Robertson, G.P., E.A. Paul, and R.R. Harwood
Presented at the ASM at Snowbird (2000-08-02 to 2017-12-05 )
Agriculture plays a major role in the global fluxes of the greenhouse gases CO2, N2O, and CH4. Efforts to mitigate the atmosphere’s growing global warming potential (GWP) requires knowledge about all three gas fluxes under a variety of management strategies, as well as knowledge about historical fluxes from unmanaged systems. Over an 8 – 10 year period we measured soil C and N2O and CH4 fluxes in a replicated series of 4 annual cropping systems, 2 perennial cropping systems, and 4 types of unmanaged communities with different successional histories. Soil carbon accumulated in the no-till and organic-based cropping systems (0.03 and 0.01 kg C /m2/y, respectively), as well as under perennial crops and successional vegetation. Overall fluxes of N2O and CH4 did not differ among annual cropping systems (ca. 3.8 g N2O-N /ha/d and -1.8 g CH4-C /ha/d), but N2O production was substantially lower and methane oxidation substantially higher in the unmanaged systems, with average fluxes of -9.4 g CH4-C /ha/d and 1.2 g N2O-N /ha/d in the late successional sites. GWP analysis shows that in no-till systems the mitigation potential of soil C sequestration (-110 g CO2 equivalents /m2/y) was halved by the GWP of N2O flux (64 g CO2 equivalents /m2/y), and halved again by the GWP of N-fertilizer use (27g CO2 equivalents /m2/y). In the low-input and organic systems, C sequestration mitigation potentials (-29 to -40 g CO2 equivalents /m2/y) were completely offset by the GWP of N2O emissions (58-69 g CO2 equivalents /m2/y).
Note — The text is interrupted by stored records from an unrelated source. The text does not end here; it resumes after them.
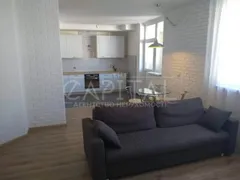 Продажа  квартира Киевская обл., Киев, Пчелки Елены ул., 8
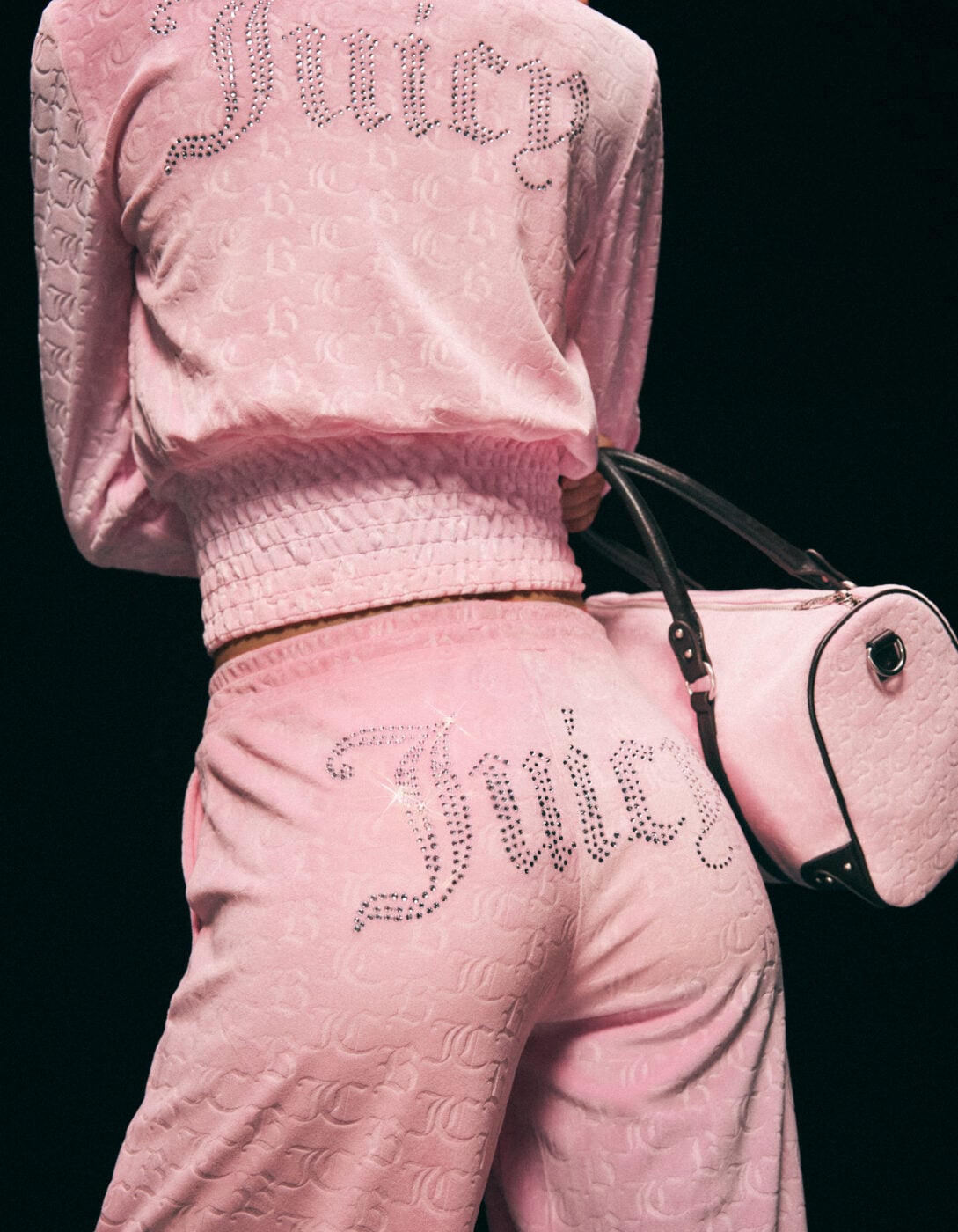 Juicy Couture x Bershka: Η νέα capsule collection με έμπνευση από το glamour των 00s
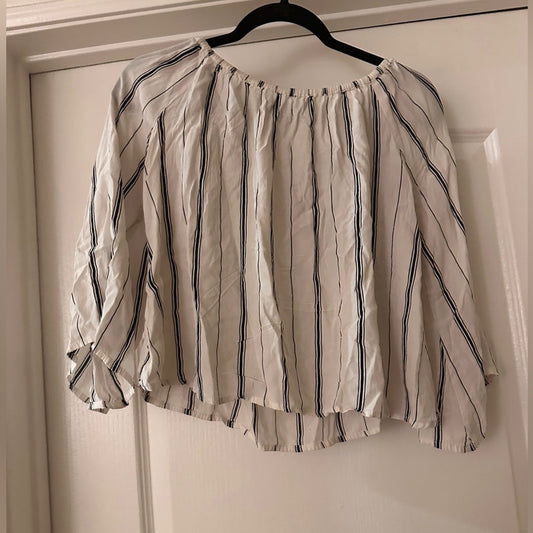 🐈‍⬛Faithful the brand black and white striped blouse size xs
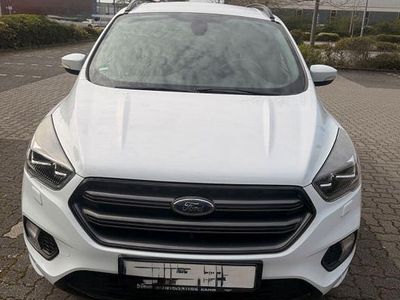 Gebraucht Ford Kuga ST-Line 242 PS (177 kW) 2018 Weiß SUV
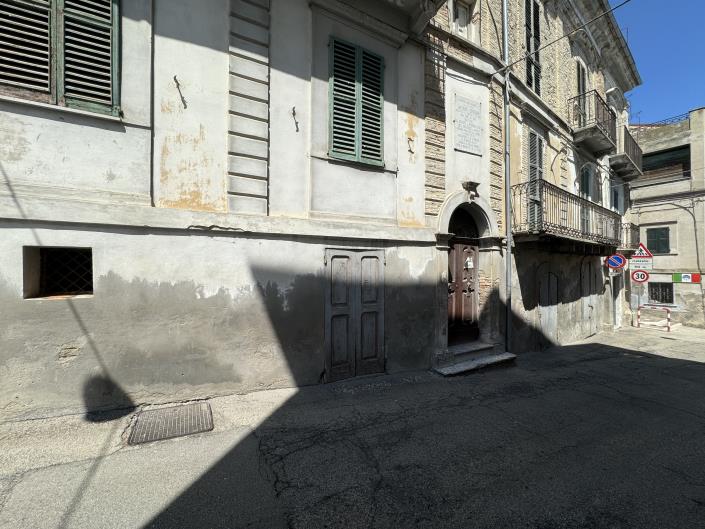 Image No.43-8 Bed Townhouse for sale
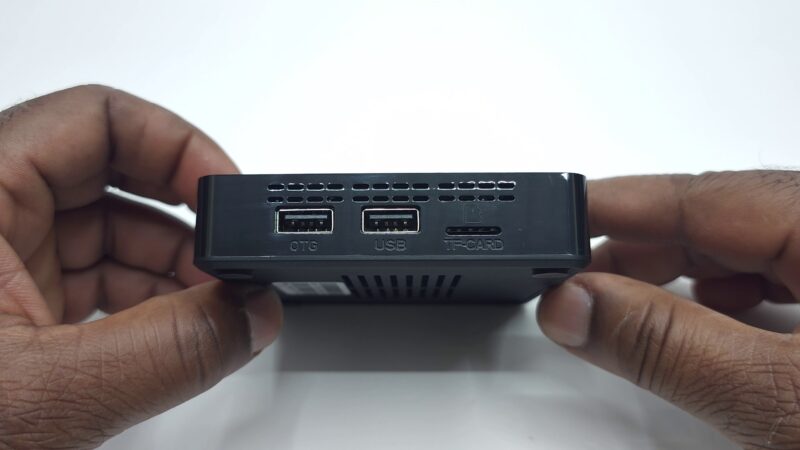 TOX5 Lite TV Box USB ports TOX5 Lite TV Box USB ports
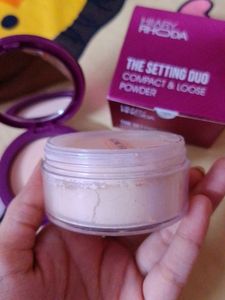 Hilary Rhoda Setting Duo Compact &amp; Loose Powder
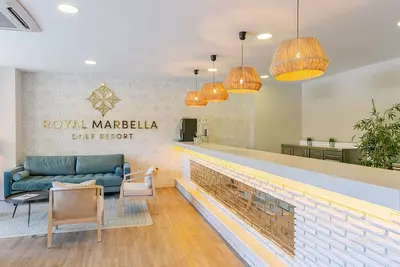 Middle Floor Apartment in Benahavís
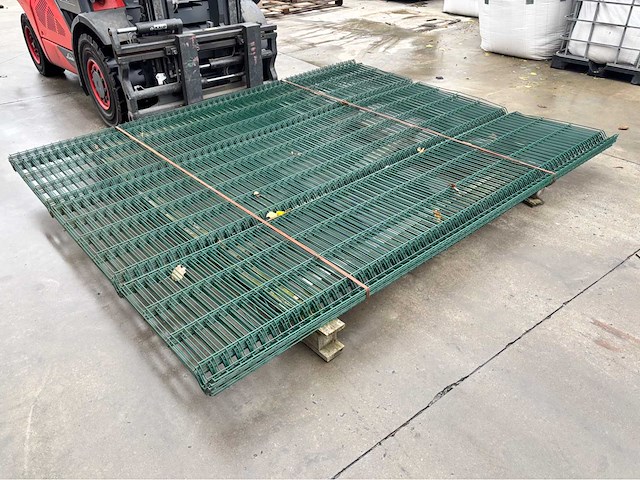 Europees fabrikaat 3d 5mm lot draadpanelen met palen en bevestigingen - afbeelding 6 van  12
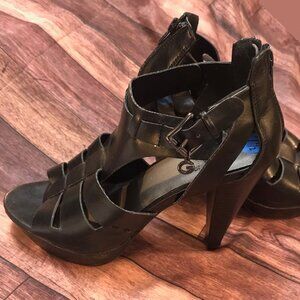 Goth 7.5 Hot Platform Strap on Black Heels, Guess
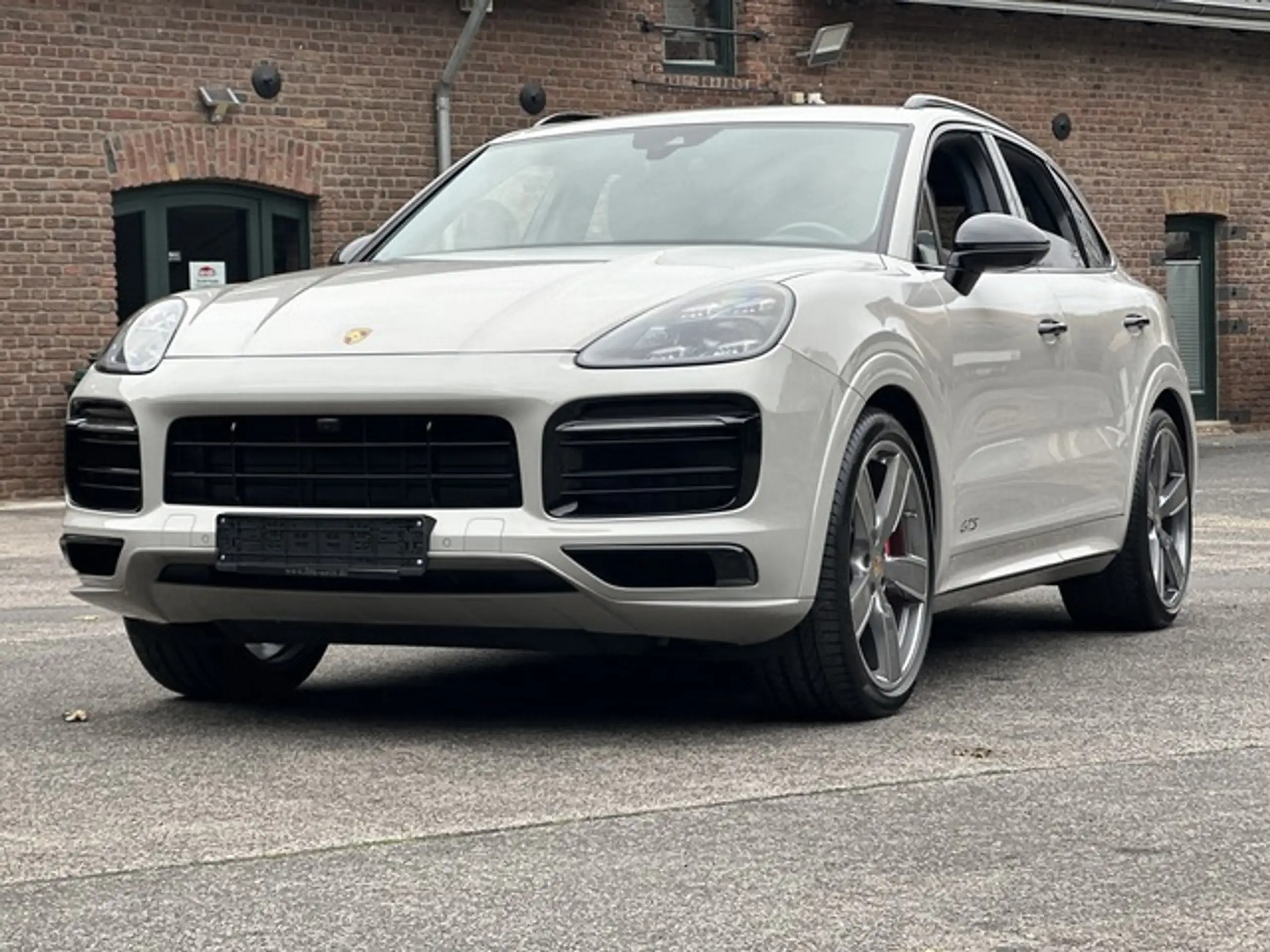 Porsche - Cayenne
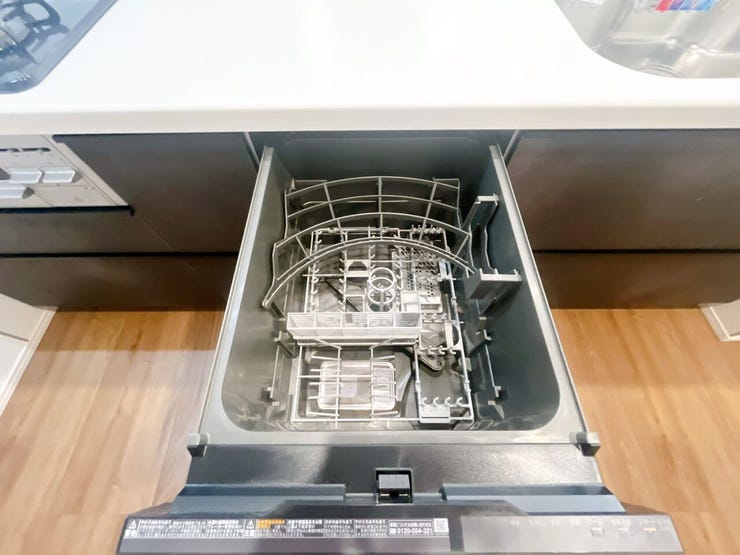 【食器洗い乾燥機】
食器洗いの時間を大幅に短縮できる食洗機付き!
手洗いに比べて、使用する水の量を大幅に節約でき、一度の洗浄で使う水は、手洗いに必要な量の3分の1以下とも言われています!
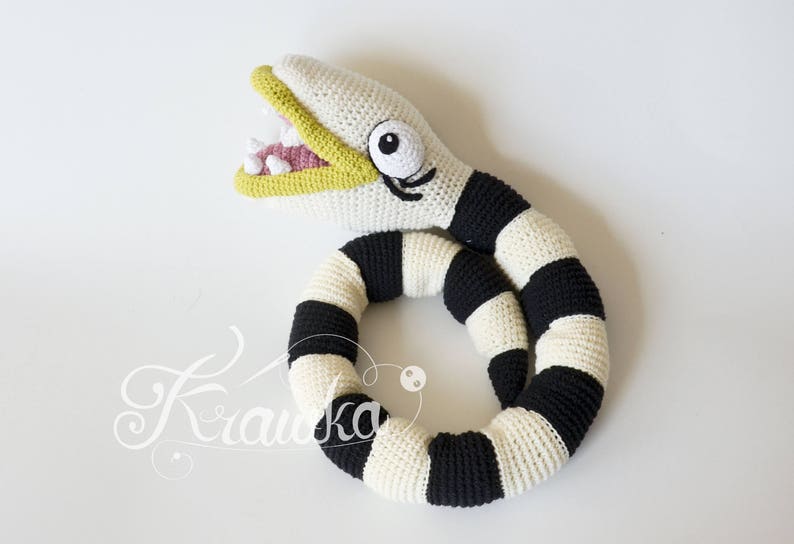 Crochet PATTERN No 1725 Nightmare The Creepy Snake Modèle au crochet d'Halloween par Krawka, image 1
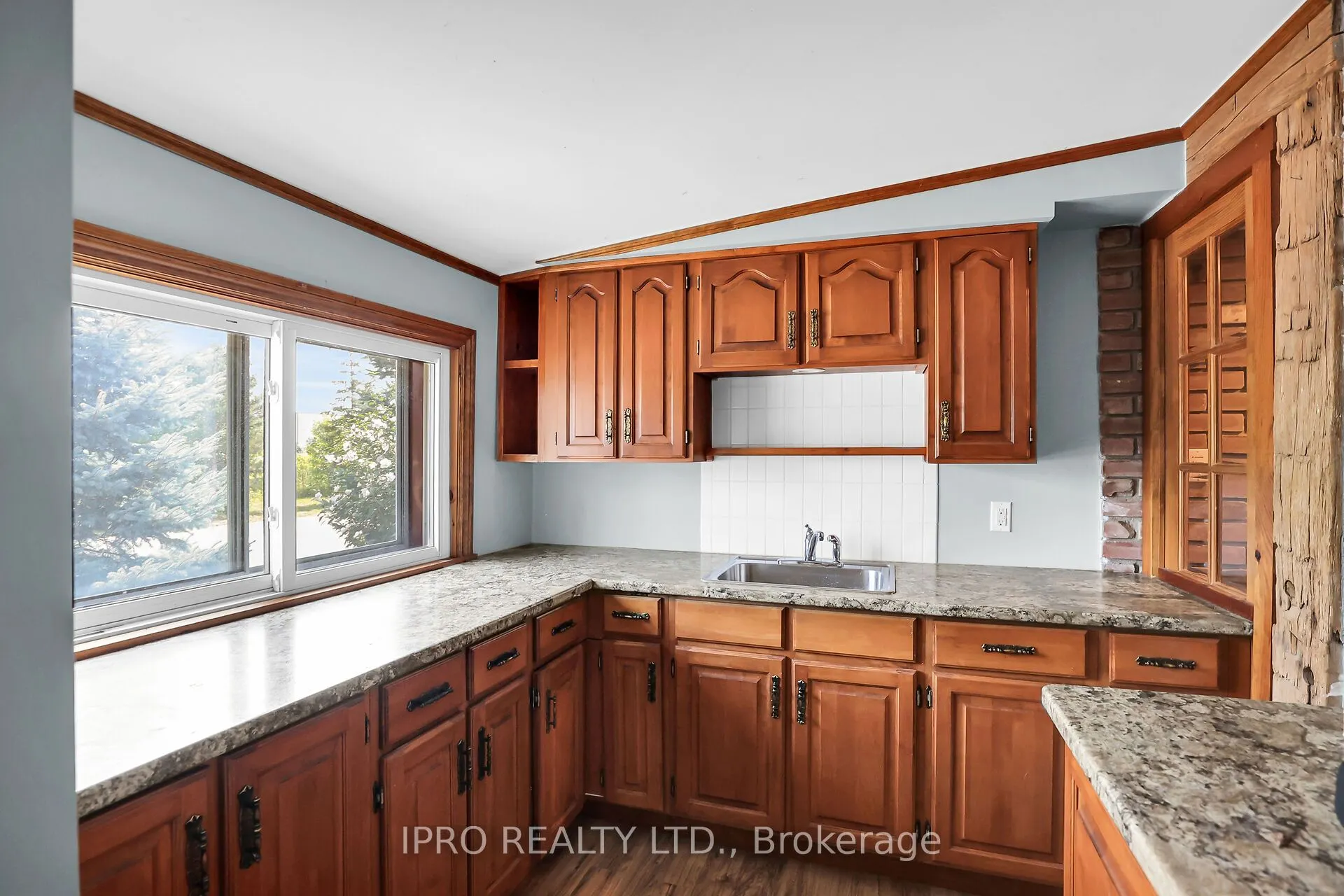 1027 Niagara Stone Road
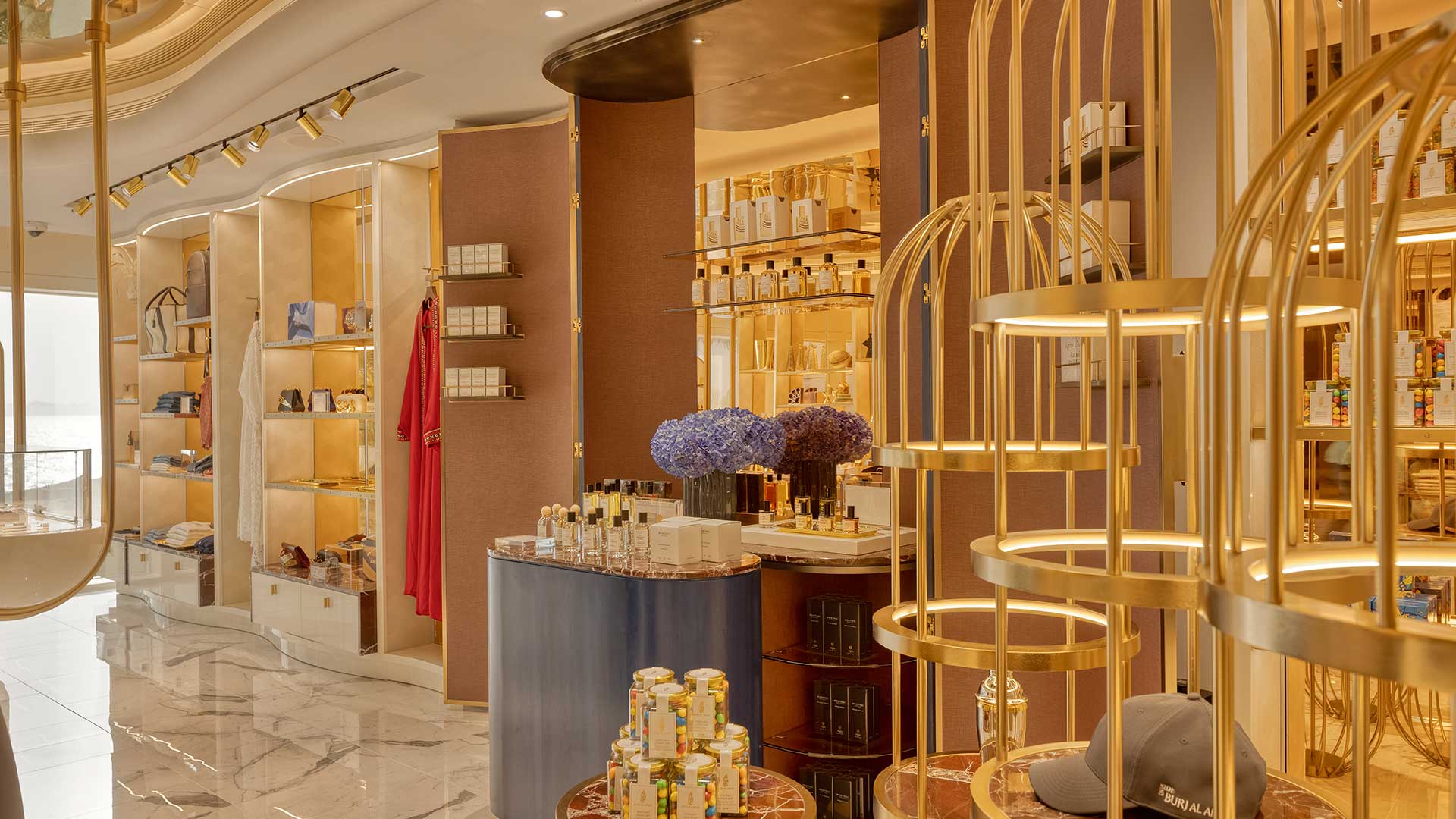 Retail Lighting Scheme Luxury Boutique Integrated Joinery Illumination Dubai Design Consultants Nulty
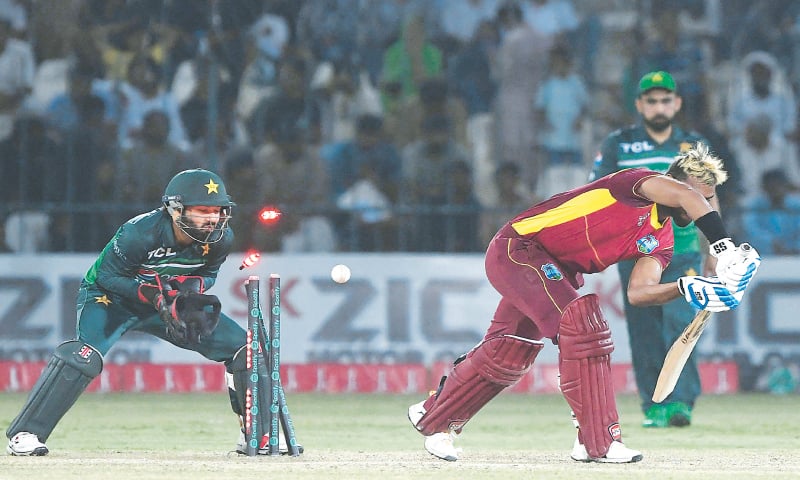 pak-vs-wi-nawaz-picks-four-as-pakistan-beat-west-indies-to-seal-odi-series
CH4 oxidation contributed little to the mitigation of GWP in any of the cropped or early successional systems. High total mitigation potentials of the perennial crops (ca. 110 g CO2 equivalents /m2/y) and the early successional systems (-211 g CO2 equivalents /m2/y) were due in part to relatively low N2O fluxes. The development of mitigation strategies based on ecosystem management need to include considerations of changes in N2O and CH4 fluxes in addition to changes in C storage.